As she finds she is losing her desire to marry rich old guy in favor of the real man before her (who is not a young guy; they are in their late twenties and early thirties, respectively), she bribes a boat owner with an amount of money he would never see otherwise to take her through the storm and the possible danger of a deadly whirlpool. Naval Officer/Laird is angry but his friend tells him she is doing it to get away from him, so he goes too; after a terrible storm and almost shipwreck, they return, with only the clothes on their back (her wedding dress fell overboard). The next day the weather improves, the real boat comes for her and her trio of wedding bagpipers (there have to be bagpipes), and they part. Or do they? Watch the movie. It’s on YouTube.  https://www.youtube.com/watch?v=LfRmZ8LkCFE It may sound like a Hallmark movie, but I promise you, you’ll enjoy it.

My point in this is that there is something I am going to call the “Scottish myth.” We see it in Georgia MacDonald’s stories, and I think it may go back to Sir Walter Scott’s novels. We see it in Brigadoon, the old Gene Kelly/Cyd Charisse/Van Johnson music. We see it the Burt Lancaster’s quirky comedy Local Hero. I’ve seen it in other movies.

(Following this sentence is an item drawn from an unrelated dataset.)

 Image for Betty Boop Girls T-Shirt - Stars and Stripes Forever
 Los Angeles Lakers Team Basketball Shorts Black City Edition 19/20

The citified, materialistic, cynical, and/or nonspiritual person has to spend time in Scotland, for some reason. There they meet real people; a woman meets a real man (no pansies in this country!), the outsider meets poor, simple, but kind people; a man meets a mysterious and charming woman (who might be a seal, in one story). The visitor succumbs to the “place.”  The place may be enchanted, to boot (as in Brigadoon where the village only appears once a century). There must be some mystic, mysterious call to the "place;" perhaps it is genetic memory to the land of ones ancestors.  John C. Campbell believed he would find it in “the Southern Highlands.”

Why Scotland? Good question. I do not know if there is a rash of movies and stories with a similar plot about any other country; Scotland hasn’t really been a separate “nation” for a very long time. It has a small population compared to England (10% the number of people despite being more than half the size; there is far more open space, which explains golf). Despite JD Vance’s viewpoint, many have argued that the Scots have had an outsized influence on the world despite its size. 

    There are a few more places I would like to visit the first time:  Scandinavia, Greece, and if ever again peaceful, the Holy Land. To return, Italy and Scotland. If I had unlimited money, I would buy a home in Scotland. That will never happen, but there is a romance about Scotland in many minds, and I hope to find out why.